Exercise aim – The answer must consist solely of the lines from the line with "Framed Spotted Boxfish, Banda" to the final line of the data below, reproduced exactly, pictures omitted.

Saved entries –

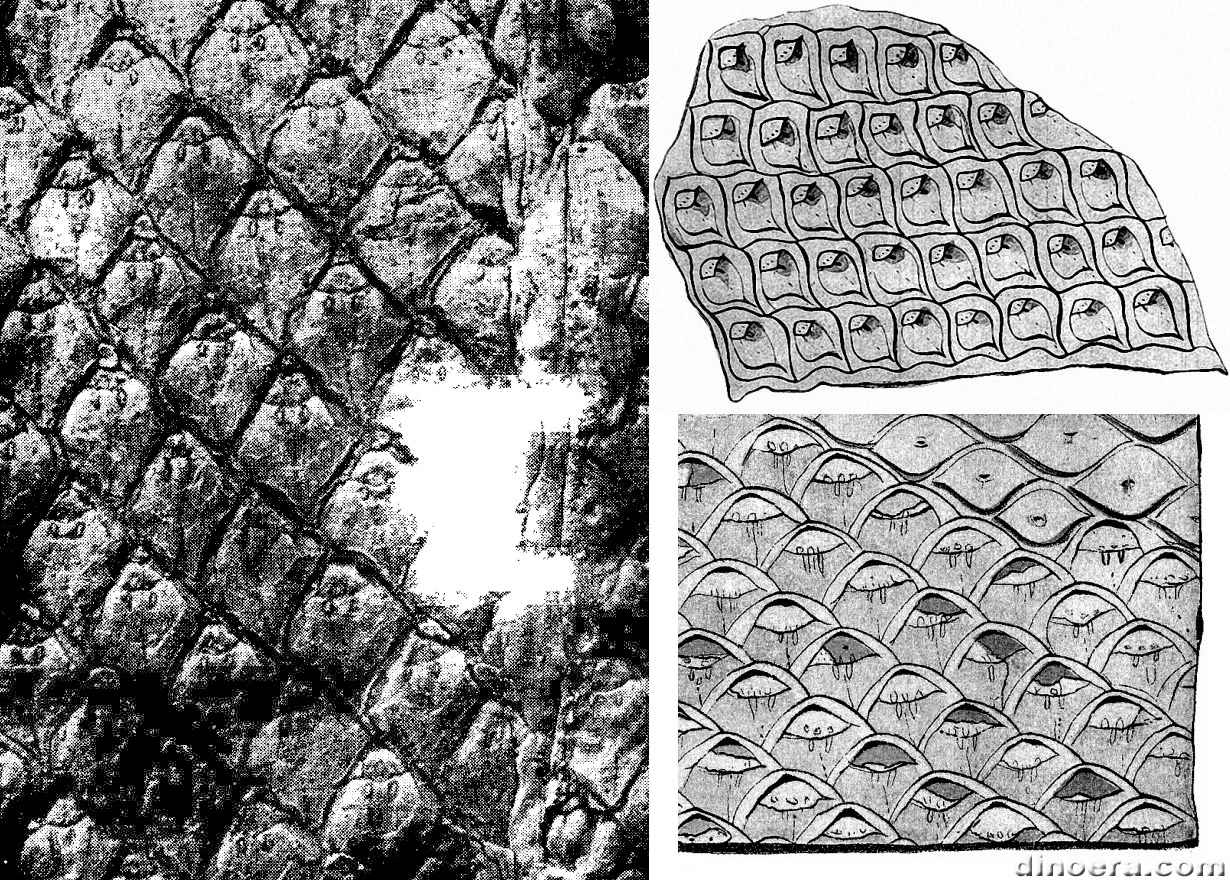 Lepidodendron clypeatum 01-02-03 cc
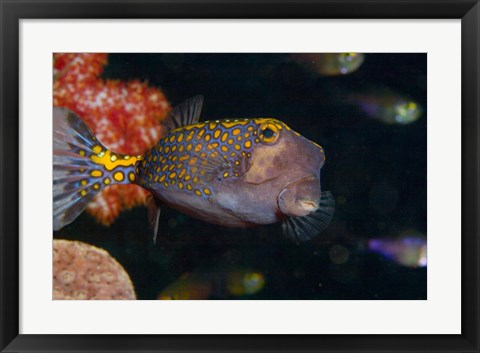 Framed Spotted Boxfish, Banda Sea, Indonesia Print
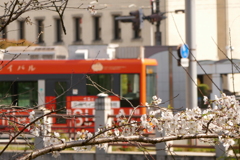 さくらと市内電車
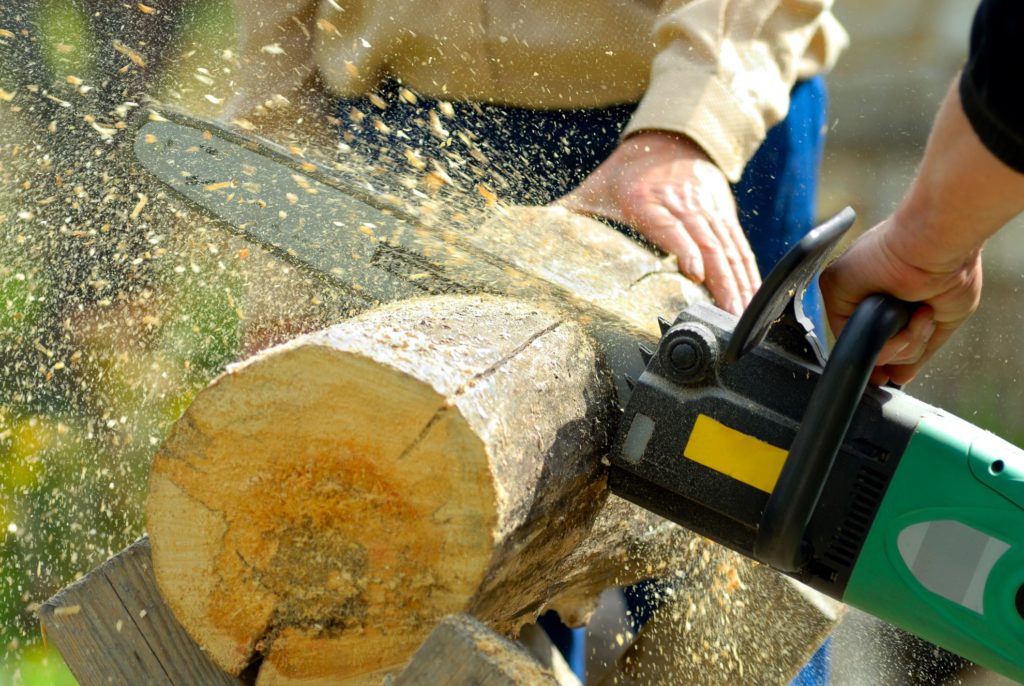 men cutting the tree log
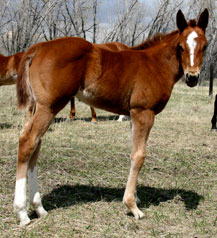 2009 Sorrel Filly by Red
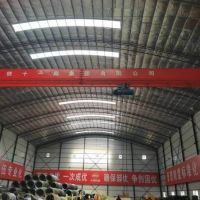 成都歐式雙梁起重機 10噸 可定製適用於各種工業場合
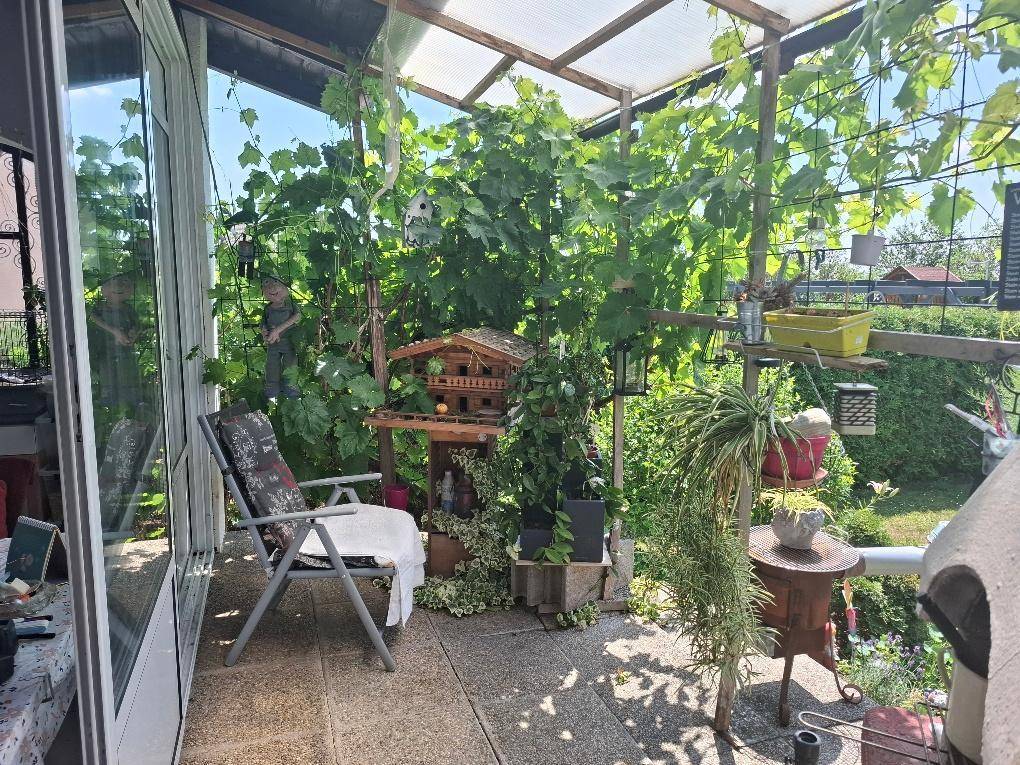 Gemütlicher Bereich im Wintergarten mit einem Stuhl und üppigen Rankpflanzen.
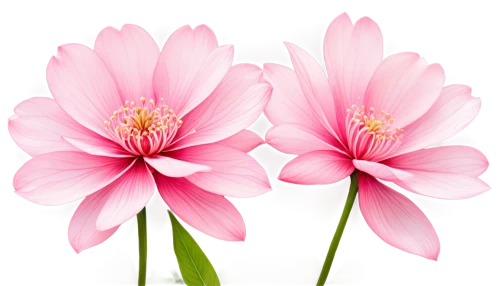 pink daisies,pink cosmea,flowers png,flower background,chrysanthemum background,cosmos flower,pink flowers,flower wallpaper,pink chrysanthemum,pink floral background,wood daisy background,pink flower,pink flower white,cosmos flowers,cosmea,pink chrysanthemums,gerbera flower pink,floral digital background,gerbera daisies,flower pink,Illustration,Japanese style,Japanese Style 04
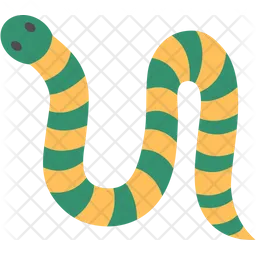 Snake  Icon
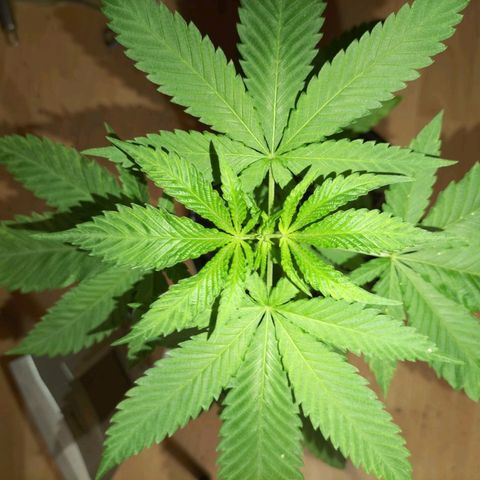 Unbekannte Sorte growlog photo: Test Lauf mit Samen außem Baggy 24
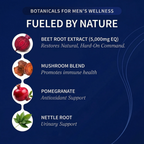 Nitric Oxide & Prostate Health Bundle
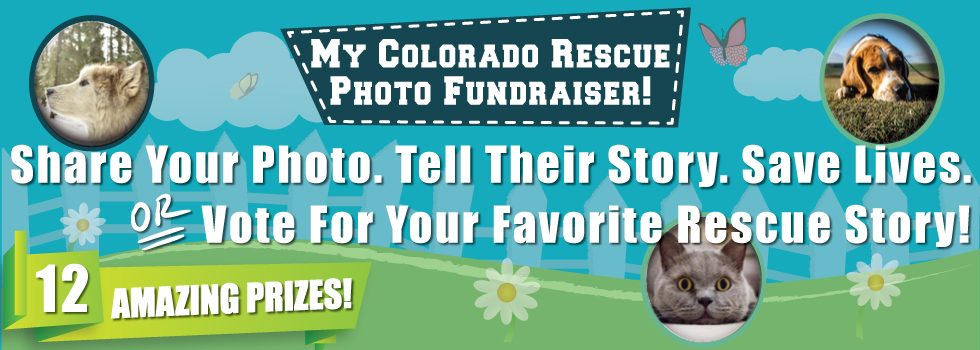 Banner for My Colorado Rescue Photo Fundraiser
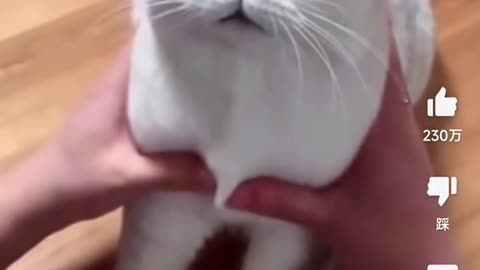 Funny cat video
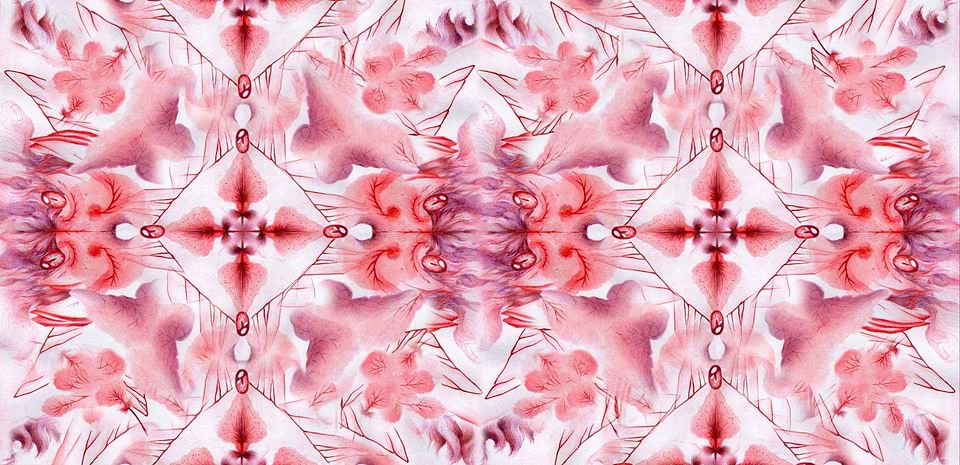 artist cover
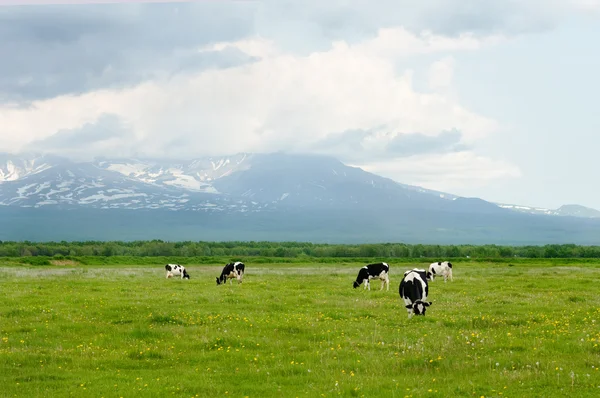 Коровы на зеленом пастбище — стоковое фото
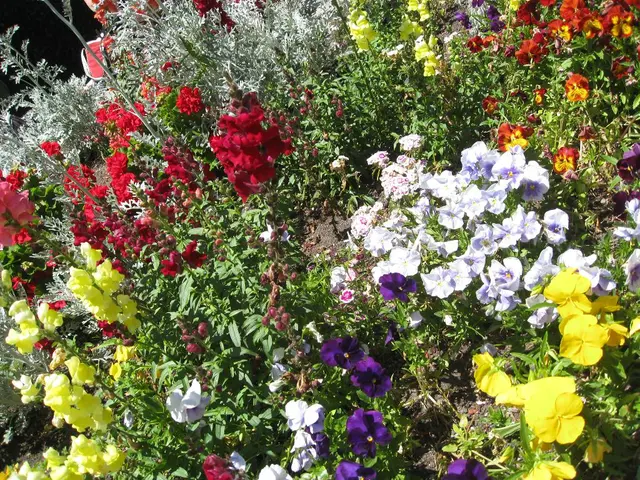 Plants that Grow Larger and More Vibrant Every Spring and Summer: A Comprehensive List of 31...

Exercise answer –
 Framed Spotted Boxfish, Banda Sea, Indonesia Print
 さくらと市内電車
 men cutting the tree log
 2009 Sorrel Filly by Red
 成都歐式雙梁起重機 10噸 可定製適用於各種工業場合
 Gemütlicher Bereich im Wintergarten mit einem Stuhl und üppigen Rankpflanzen.
 pink daisies,pink cosmea,flowers png,flower background,chrysanthemum background,cosmos flower,pink flowers,flower wallpaper,pink chrysanthemum,pink floral background,wood daisy background,pink flower,pink flower white,cosmos flowers,cosmea,pink chrysanthemums,gerbera flower pink,floral digital background,gerbera daisies,flower pink,Illustration,Japanese style,Japanese Style 04
 Snake  Icon
 Unbekannte Sorte growlog photo: Test Lauf mit Samen außem Baggy 24
 Nitric Oxide & Prostate Health Bundle
 Banner for My Colorado Rescue Photo Fundraiser
 Funny cat video
 artist cover
 Коровы на зеленом пастбище — стоковое фото
 Plants that Grow Larger and More Vibrant Every Spring and Summer: A Comprehensive List of 31...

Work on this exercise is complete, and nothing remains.